The building has four.
According to several MTVA employees interviewed by Telex, Zsolt Németh, the director of M1, known internally as “Pitbull,” left the control centre on election night. Senior managers also disappeared. Németh was reportedly unreachable until Wednesday.
For the next two days, the usual instructions failed to arrive.
Editors who had spent years working under close political supervision found themselves choosing which stories were newsworthy and which publications could be cited. Telex reported that the confusion became so severe that outside contributors were asked to help assemble programmes.
Hungary’s public broadcaster had acquired no new management, journalists or editorial charter.
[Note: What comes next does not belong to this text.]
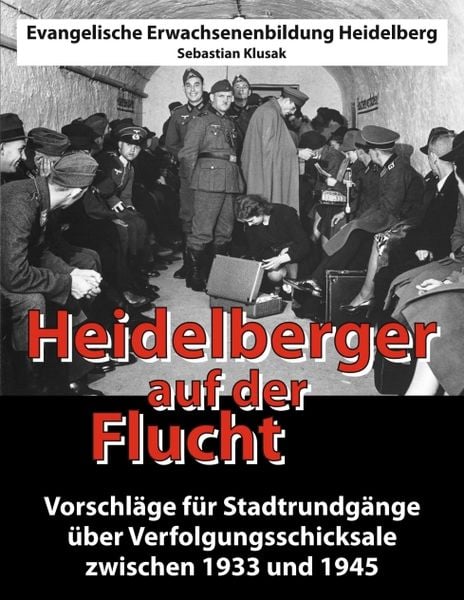 Produktbild: Heidelberger auf der Flucht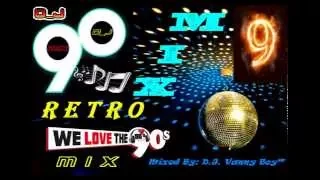 Retro Mix 90's [ Eurodance ][ Vol 9 ] - Dj Vanny Boy®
The people who normally told it what to do had simply gone missing.
The programmes changed at once.
The guest
On Wednesday, April 15, Magyar arrived at the public-media headquarters on Kunigunda Street.
At 7:33 a.m., he entered the studio of Kossuth Radio, where Orbán had spent years delivering his Friday interpretation of Hungary to a largely accommodating interviewer. At 8:10, Magyar appeared live on M1.
He had last been permitted to appear on public media on September 26, 2024. During the 2026 parliamentary campaign, the broadcaster did not interview him once, despite Tisza becoming the largest opposition party and the only organisation with a serious chance of defeating Fidesz.
“There is something strange about the fact that I was last here a year and a half ago,” Magyar told the radio presenter, Tamás Kakuk L. “It took the votes and authorisation of three million people for you to let me back in.”
He then told the broadcaster what his incoming government intended to do with it.
“One of our first steps after forming the government will be to suspend the news service of this propaganda media.”
The interviews carried a peculiar tension. Orbán’s appearances had generally followed the rhythm of a government statement read aloud. Magyar faced presenters suddenly determined to demonstrate their independence, at the precise moment when aggression towards the opposition had stopped protecting the governing party.
On M1, the presenter, Bea Csete, challenged Magyar’s plan to suspend the news service. The media law, she said, required public broadcasting to provide news. Magyar replied that the same law required balanced coverage, an obligation the institution had spent years ignoring.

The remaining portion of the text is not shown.